Lake Titicaca is a lake located on the border of Peru and Bolivia. It sits 3,811 m (12,500 ft) above sea level, making it the highest commercially navigable lake in the world. By volume of water, it is also the largest lake in South America and is bigger than Lake Tahoe in the USA.
After finding ourselves a hostel (which appeared to be run by children as we didn´t see anyone over the age of 14 there!) we had some dinner and booked ourselves on the boat ride to Isla del Sol the following day. Isla del Sol is one of the larger islands on the lake and is said to be the birthplace of the Incas. Upon arrival, we had to lug our backpacks up 206 original stone Inca steps before trying to find a hostel at the top. There are no roads on Isla del
Sol and the island does not have a water supply, therefore all the water used in hostels and restaurants has to be carried up from the lake by donkey!
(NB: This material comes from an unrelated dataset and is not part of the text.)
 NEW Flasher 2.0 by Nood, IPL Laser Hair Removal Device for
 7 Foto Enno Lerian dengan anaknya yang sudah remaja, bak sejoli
This made for some interesting (and cold) showers!
The next day we hiked the 4 hour trek to the North of the island where we saw some inca ruins:
"On the north end of the Island of the Sun is the town of Challapampa, home to the fascinating Chinkana (labyrinth). A huge stone complex full of mazes, it is thought be a training center for Inca priests."
After walking around the labyrinth we headed off to the small town to find a place to stay. Hostels were thin on the ground and we ended up settling on one that was semi-completed, rooms on the top floor building site on the bottom! I wish we had taken a pic of it as it was pretty ridiculous! It´s unique selling point was that the mattresses in our room still had the labels on and smelt of paint, so we figured we would be the first to sleep in the bed! In the evening we went for a meal with a
couple that I had met on the pampas tour and James had the local Lake Titicaca trout, followed by a bottle of red wine on the freezing beach with lights out at 9pm!
The following day we headed (by boat) back to the South of the island and made the quick(ish) dash up the 206 steps again to pick up our bags and back down to catch the boat to the mainland where we booked ourselves on the bus to Cusco (Peru) the following day which also made a quick detour to the Uros floating islands.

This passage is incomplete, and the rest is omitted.